Assignment. Only the stretch below from the line holding "1 4 Carat Luminesce" through the line holding "Bougie bois de rose 140g" should be restated, word for word and with both ends included; pictures stay out.

Records supplied.
+++
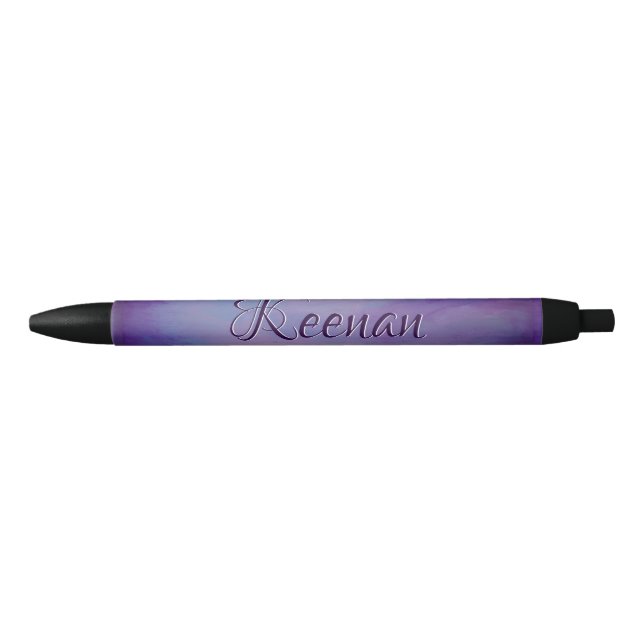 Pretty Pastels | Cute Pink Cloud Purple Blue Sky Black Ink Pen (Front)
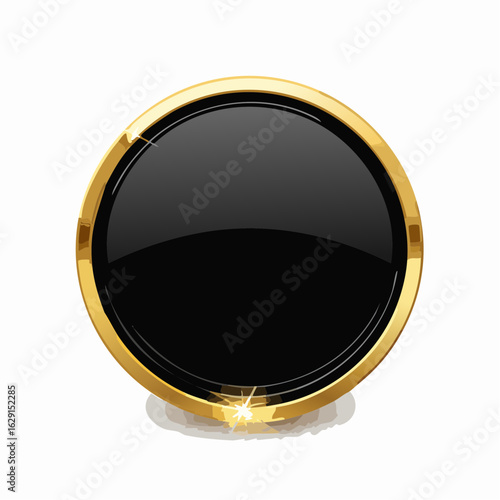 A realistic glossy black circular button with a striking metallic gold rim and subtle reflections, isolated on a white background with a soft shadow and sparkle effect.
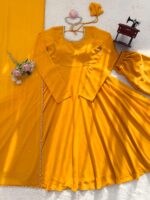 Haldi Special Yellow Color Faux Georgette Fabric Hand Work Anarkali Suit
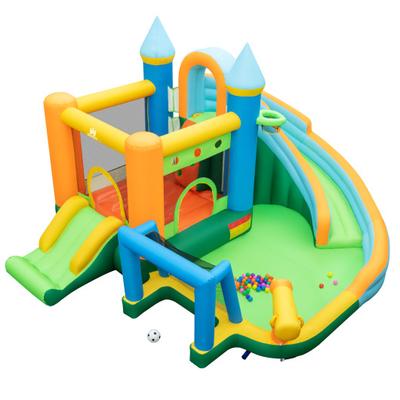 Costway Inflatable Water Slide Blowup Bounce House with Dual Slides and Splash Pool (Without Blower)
+++
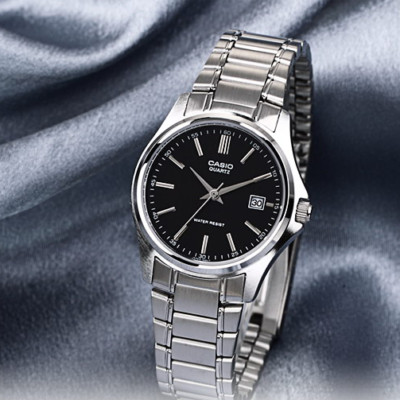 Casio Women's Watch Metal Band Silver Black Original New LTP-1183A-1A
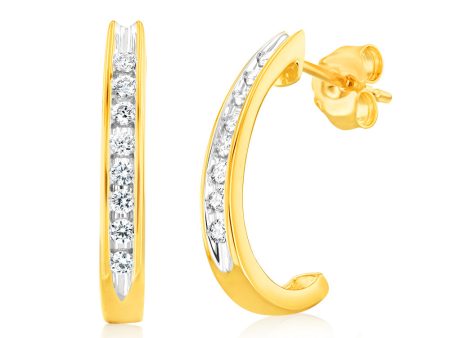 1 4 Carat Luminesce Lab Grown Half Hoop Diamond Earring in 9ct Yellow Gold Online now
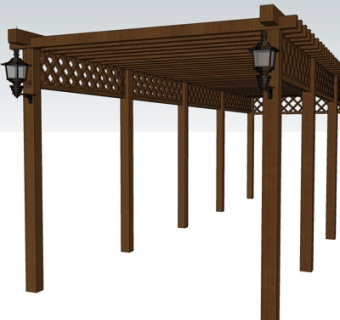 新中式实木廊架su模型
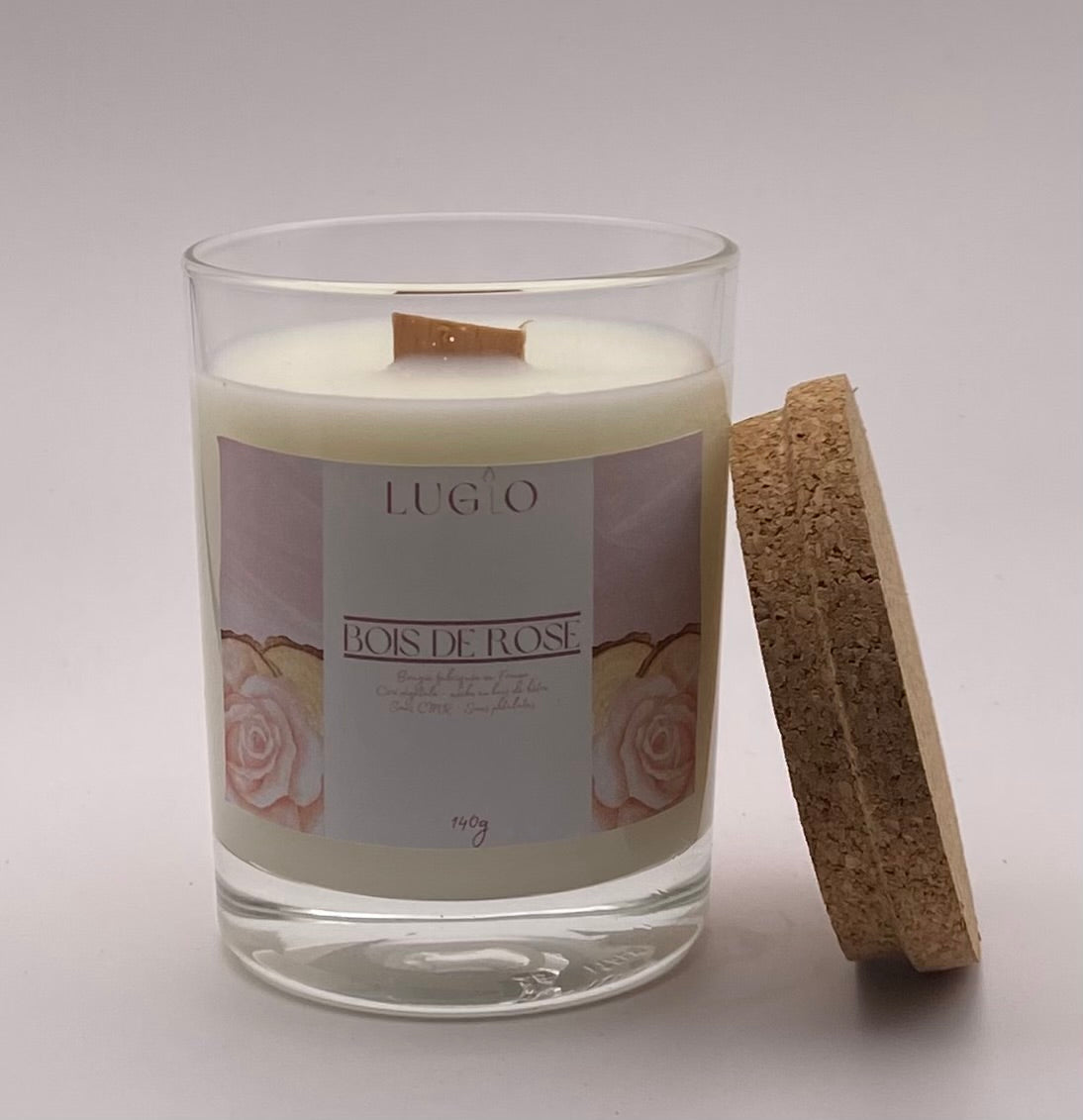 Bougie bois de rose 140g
+++
Solution to this exercise.
 1 4 Carat Luminesce Lab Grown Half Hoop Diamond Earring in 9ct Yellow Gold Online now
 新中式实木廊架su模型
 Bougie bois de rose 140g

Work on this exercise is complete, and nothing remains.